Three of those levers do most of the work, and I've written about all of them from the engineering side. Prompt caching: the unchanging part of every prompt, the system instructions, the rules, the early turns, gets read once at full price and then costs a fraction on every call after. Skip it and you pay full freight, every loop, to re-read words that never changed. Pruning the context: stop carrying the entire transcript on every pass, keep what's live, summarise the rest, and you cut the tokens each step eats. And the big one, the small model: a smaller open model in a tight loop finishes in fewer tokens and costs less per token, and once your volume is real, running it on hardware you own instead of renting every token off someone else's meter is what drops the floor out from under the bill.

Notice what these have in common. Every one of them is the software version of managing a person's time. You don't pay a senior engineer to do data entry. You don't make anyone re-read the entire company wiki before every task. You don't keep someone on the clock overnight to watch a queue that fires twice a day. Costing an agent well is just refusing to pay frontier rates for busywork, applied to a worker that never complains about it.

Why a small team lives or dies here

This is the essay in the series where the whole promise gets tested, so let me be blunt about the stakes. The pitch of a small team is leverage: a few people plus systems doing the work of a department. But if every "AI hire" quietly costs like a real hire, the leverage is a mirage. You haven't escaped the big-company cost structure. You've rebuilt it with fewer humans and a scarier bill, and you've kept none of the headcount you were told you'd save.

The edge only exists if your AI headcount is genuinely cheap, and cheap is a choice, not a gift the technology hands you. This is why I keep insisting that owning your cost structure is strategy and not thrift. The company across the street renting every token pays a floor it does not control; the small team that caches, prunes, runs small models, and owns its hardware pays a floor it built. Same agents, same work, two different businesses, and the difference is entirely in whether someone treated the payroll as something to manage.
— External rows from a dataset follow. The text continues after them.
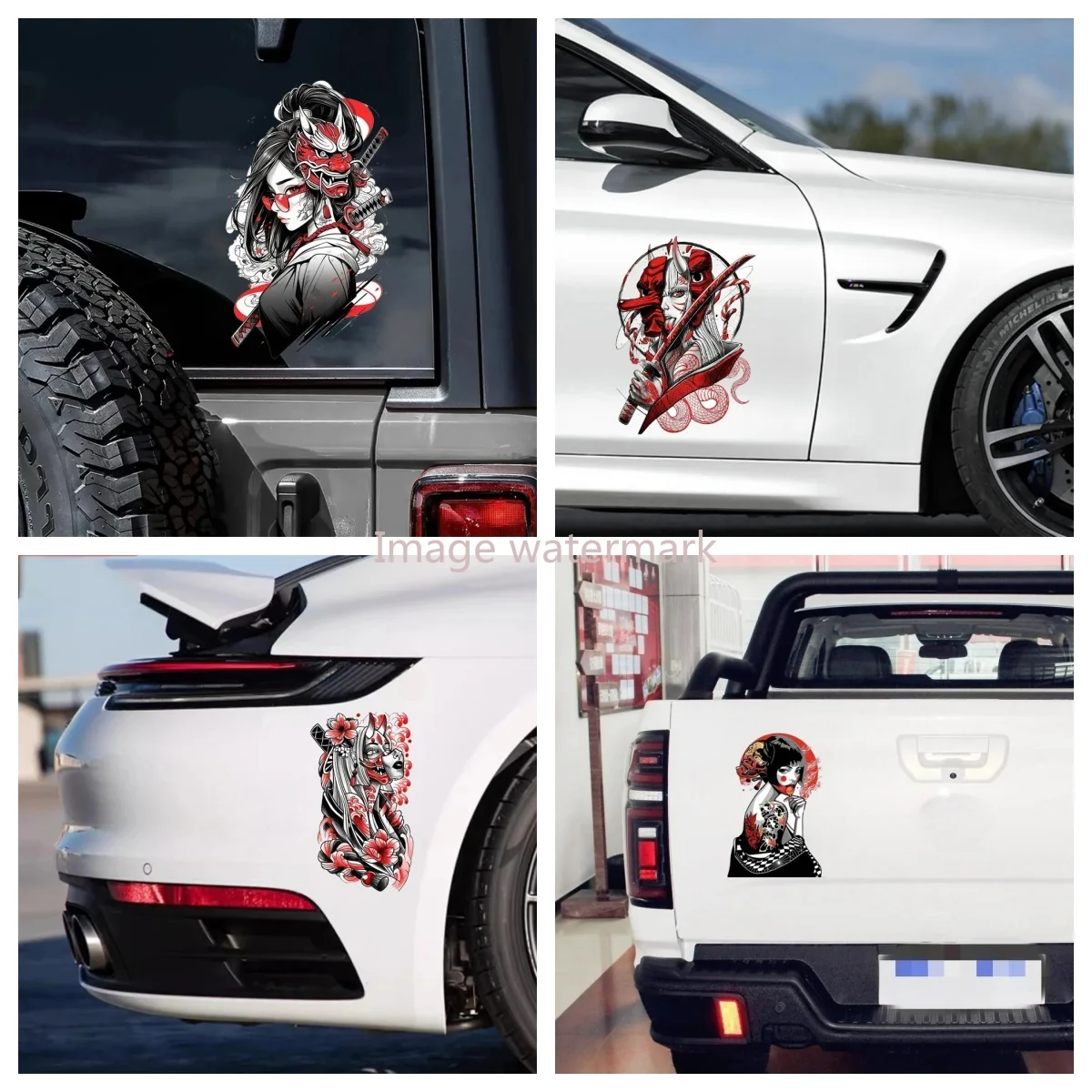 

Warrior Samurai Girl Oni Mask Car Stickers Japanese anime Decals ，Covering scratches, Automotive decorative accessories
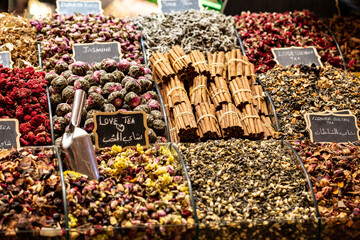 Egyptian bazaar with lots of spices, dry fruits and tea, Istanbul, Turkey
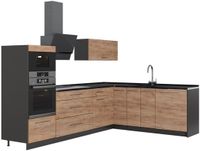 Vicco Hoekkeuken Fame-Line, Goudkleurig Eiken/Antraciet, 287 x 207 cm
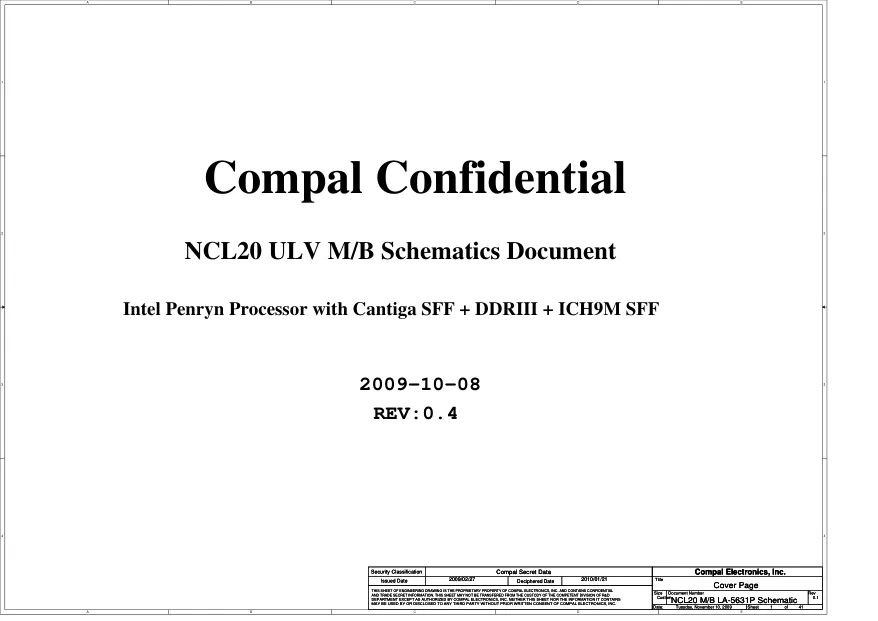 Схема - Материнская плата Compal Electronics, Inc. LA-5631P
The question was never "human or AI." That framing lets you skip the only question that matters. It's "what does this hire cost, fully loaded, and is it earning it." Ask that of every agent you run, name each one, price each one, fire the interns, and the small team stays small on purpose instead of small until the bill catches up. The cheapest employee you'll ever have still shows up on payroll. You just have to be the one who reads it.